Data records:
╭──
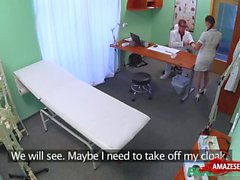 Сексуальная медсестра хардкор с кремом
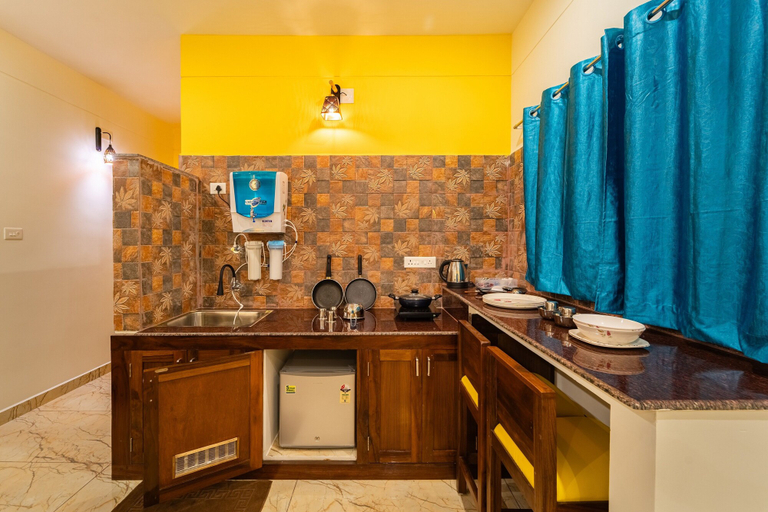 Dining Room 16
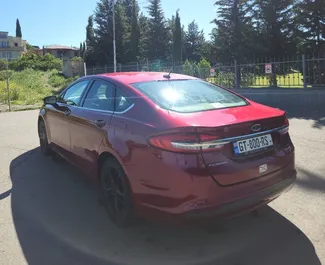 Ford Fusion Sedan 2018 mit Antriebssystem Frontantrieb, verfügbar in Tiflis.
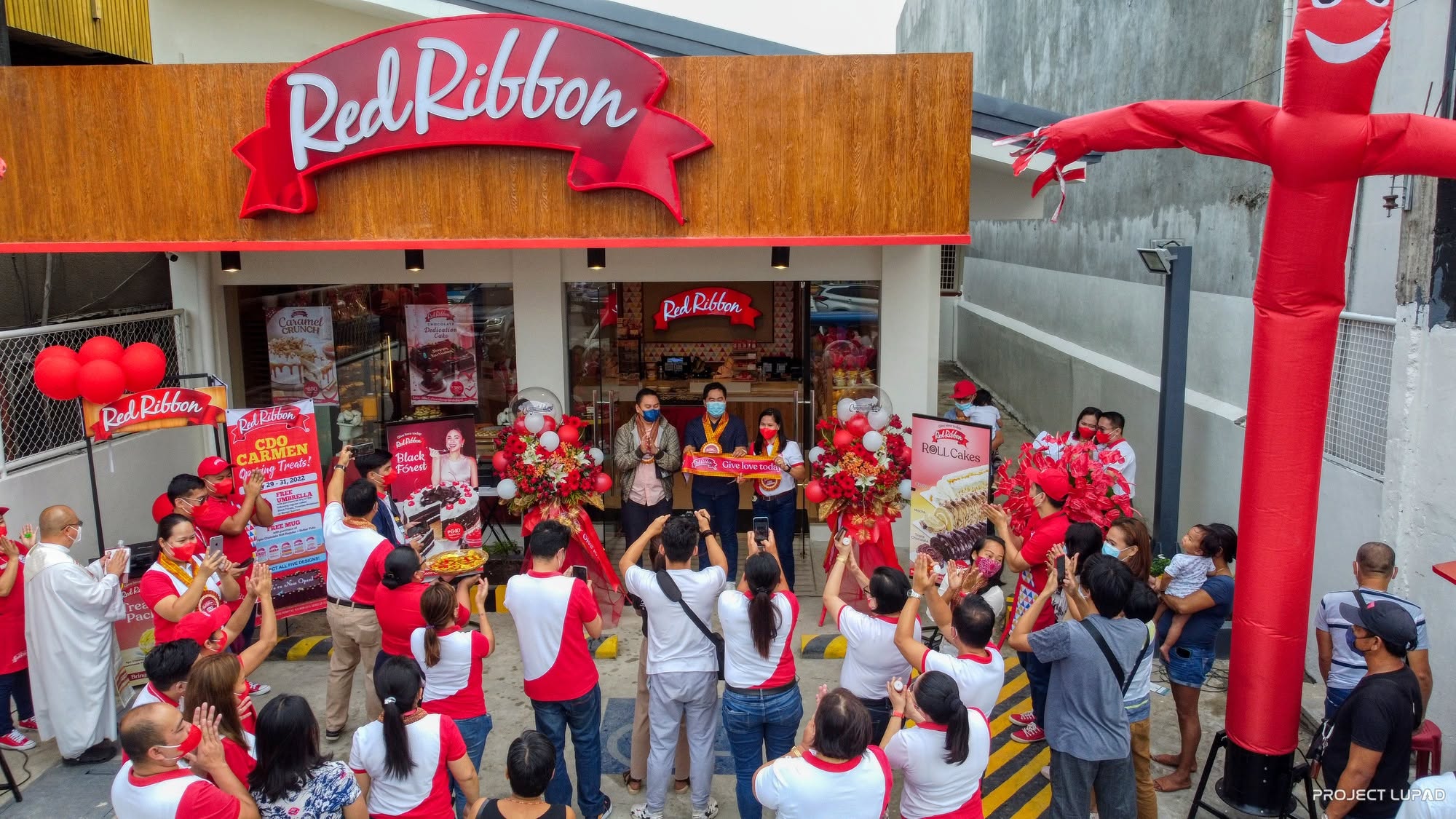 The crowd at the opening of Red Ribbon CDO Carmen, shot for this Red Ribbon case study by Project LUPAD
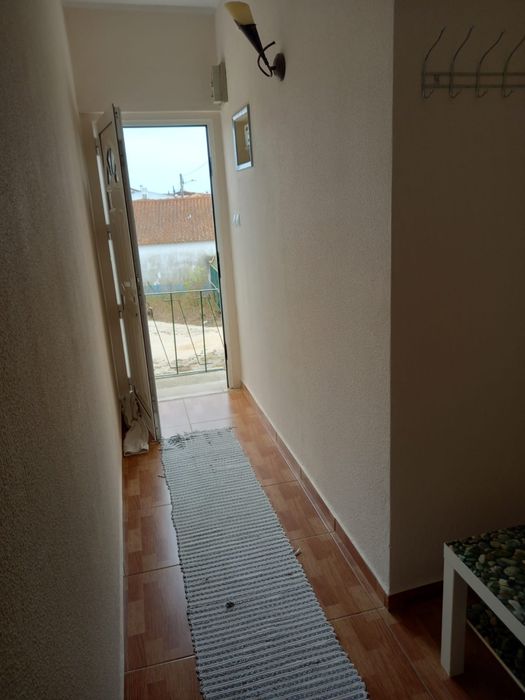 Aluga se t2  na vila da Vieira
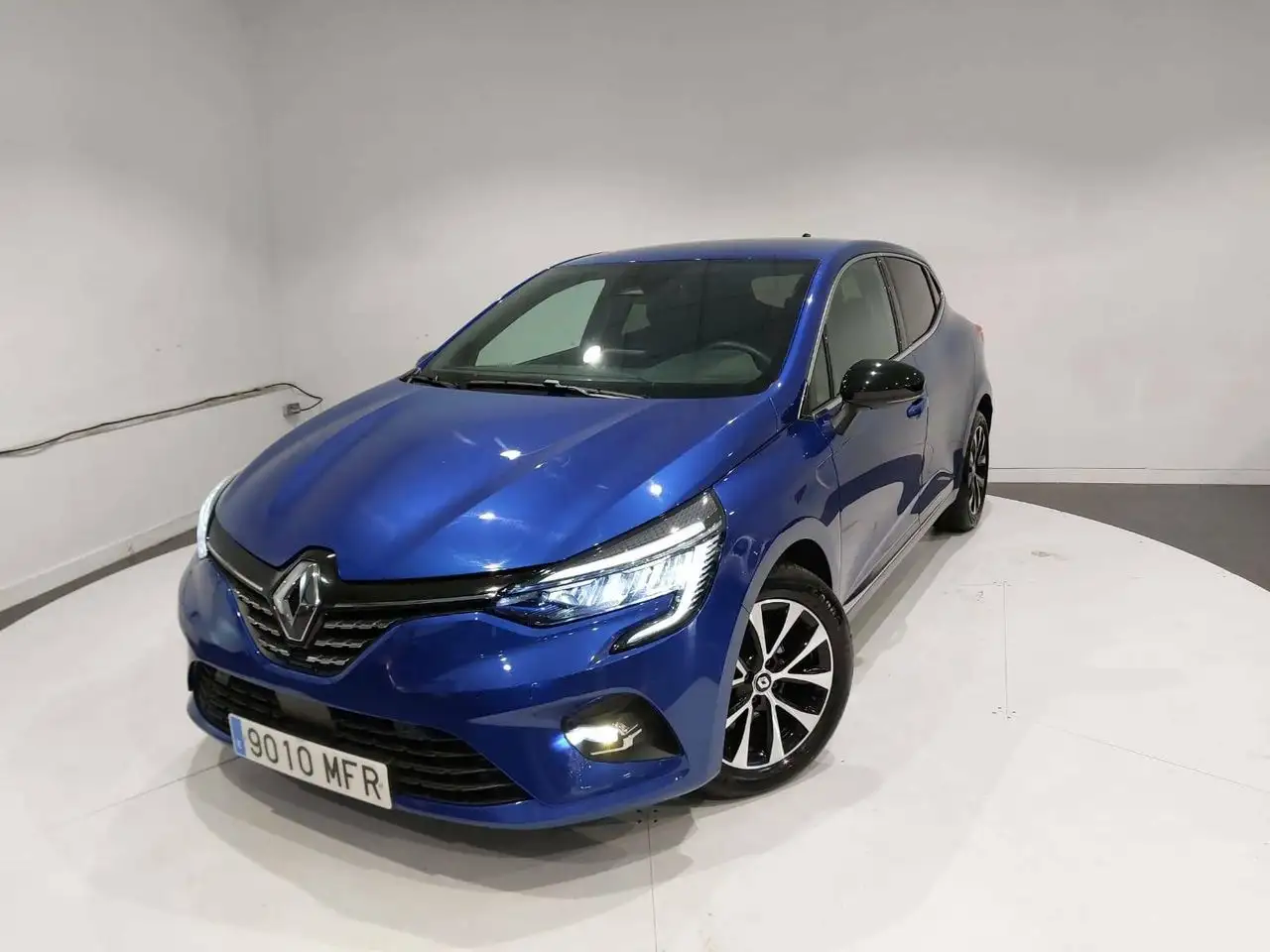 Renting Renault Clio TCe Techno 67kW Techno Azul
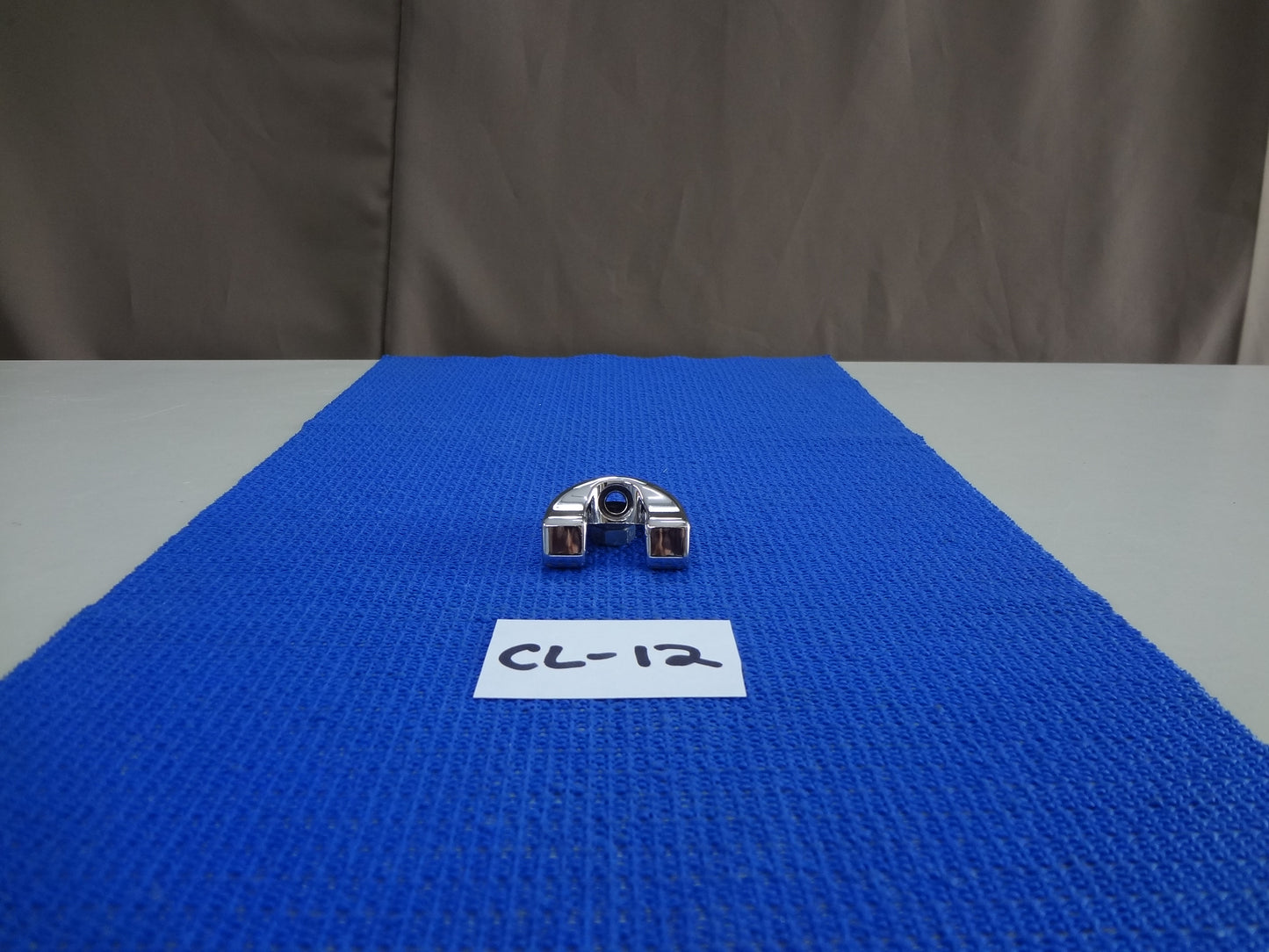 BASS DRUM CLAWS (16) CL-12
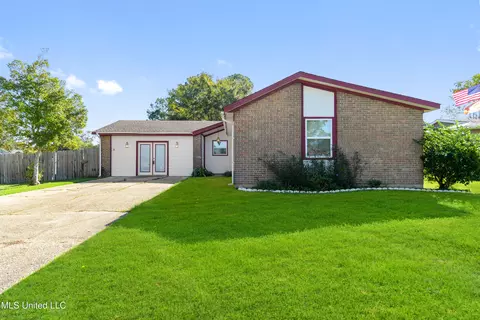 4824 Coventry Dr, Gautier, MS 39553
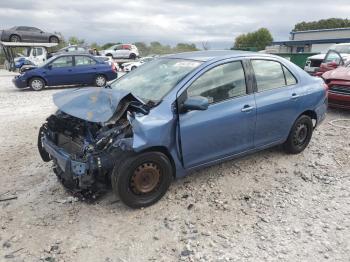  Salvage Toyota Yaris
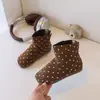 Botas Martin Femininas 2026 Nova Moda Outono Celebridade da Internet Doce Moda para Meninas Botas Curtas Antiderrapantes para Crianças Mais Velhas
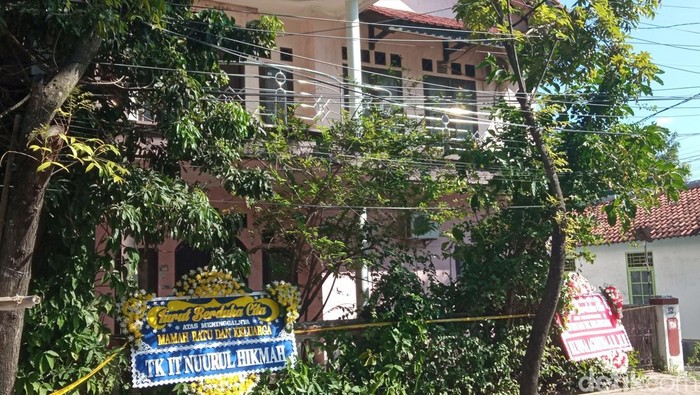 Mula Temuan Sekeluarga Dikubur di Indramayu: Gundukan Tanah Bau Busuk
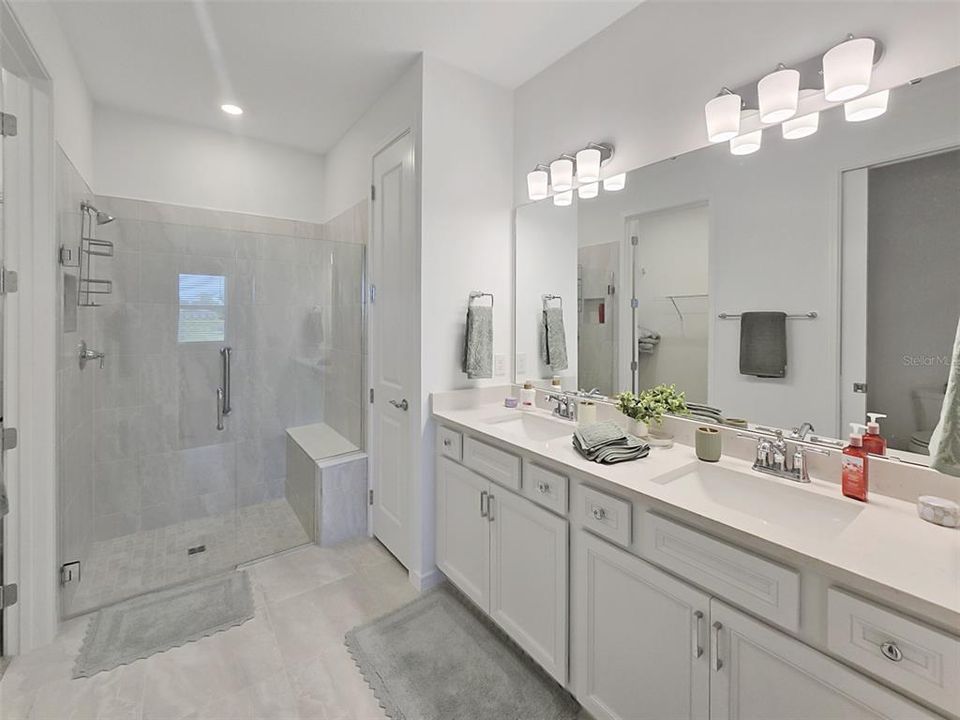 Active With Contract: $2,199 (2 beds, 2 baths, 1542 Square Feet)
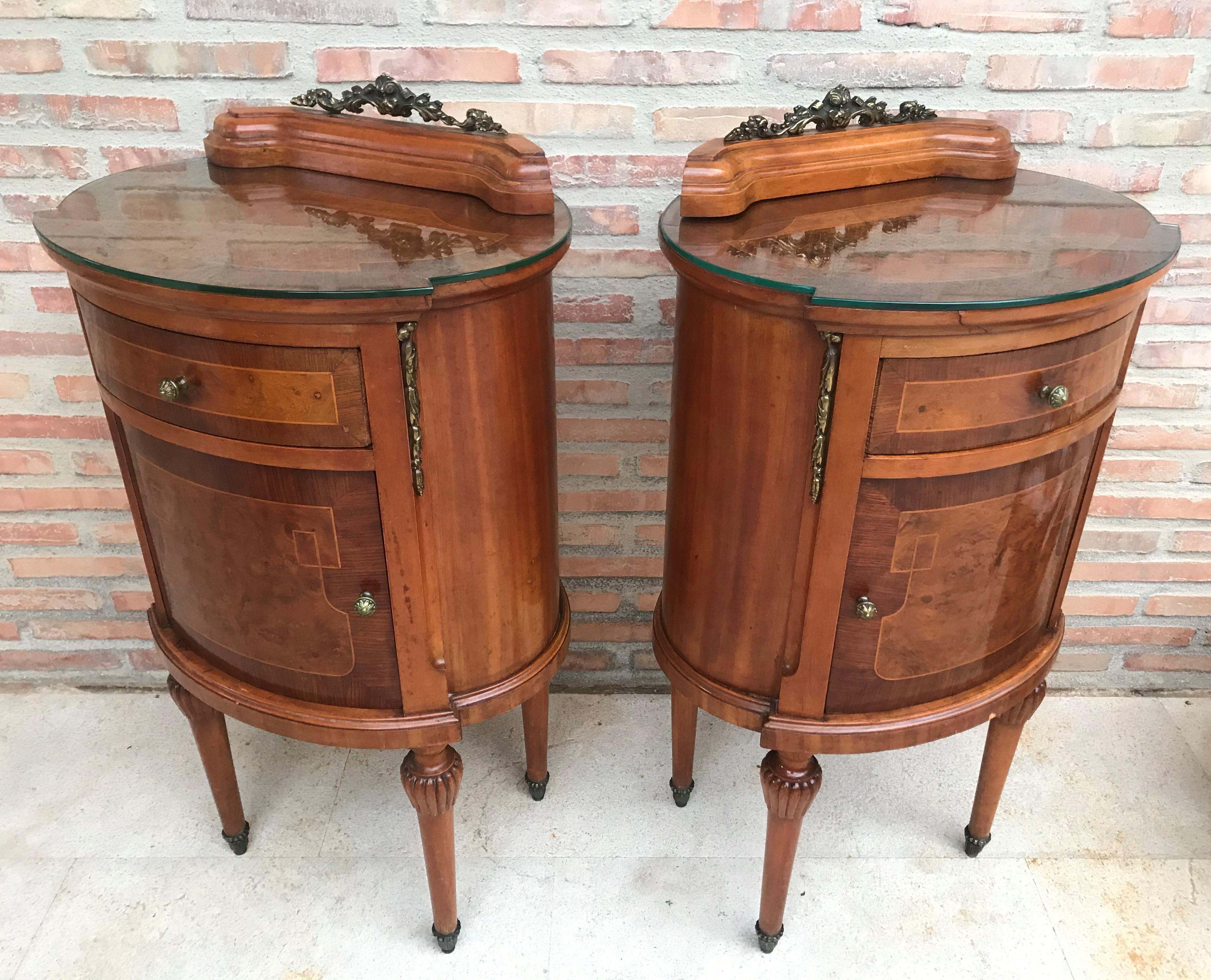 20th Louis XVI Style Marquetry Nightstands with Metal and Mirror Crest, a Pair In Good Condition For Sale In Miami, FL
╰──
Your objective:
Write the lines from the one containing "Botas Martin Femininas" through the end of the data above exactly as they appear, and do not carry over any picture.

Solution below:
 Botas Martin Femininas 2026 Nova Moda Outono Celebridade da Internet Doce Moda para Meninas Botas Curtas Antiderrapantes para Crianças Mais Velhas
 Mula Temuan Sekeluarga Dikubur di Indramayu: Gundukan Tanah Bau Busuk
 Active With Contract: $2,199 (2 beds, 2 baths, 1542 Square Feet)
 20th Louis XVI Style Marquetry Nightstands with Metal and Mirror Crest, a Pair In Good Condition For Sale In Miami, FL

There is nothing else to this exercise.